──────── GIVEN RECORDS

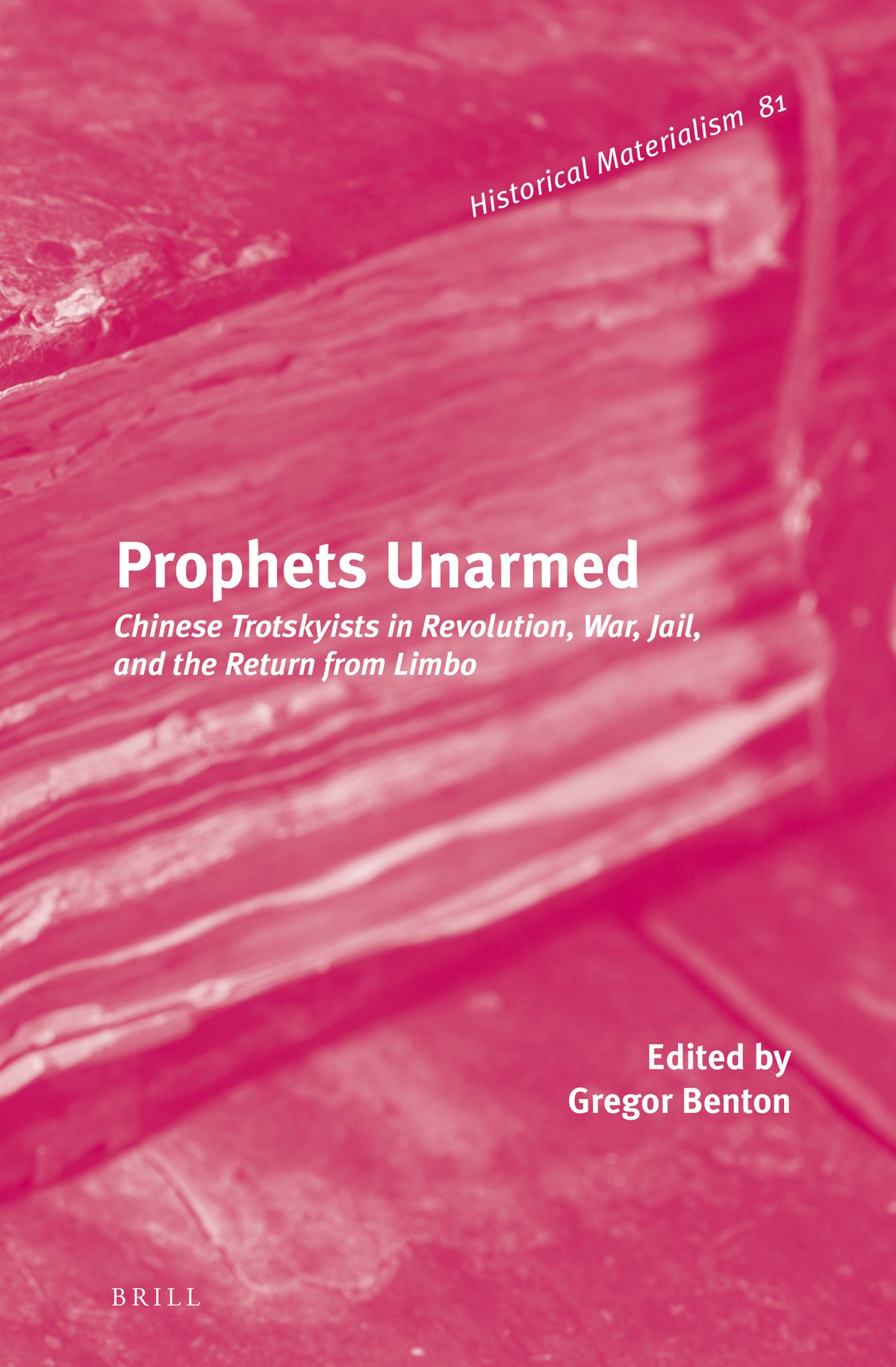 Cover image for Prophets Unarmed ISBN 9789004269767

────────────────
──────── GIVEN RECORDS

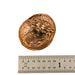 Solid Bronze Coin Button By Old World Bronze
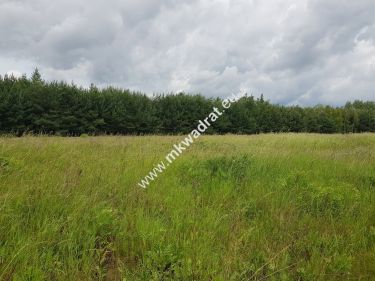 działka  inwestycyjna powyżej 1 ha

────────────────

◆ EXERCISE DETAILS
Above, find the line with "Solid Bronze Coin Button By Old World Bronze"; copy it and every line down to the line with "powyżej 1 ha", exactly and both included, but no pictures.

◆ RESULT OF THIS EXERCISE
 Solid Bronze Coin Button By Old World Bronze
 działka  inwestycyjna powyżej 1 ha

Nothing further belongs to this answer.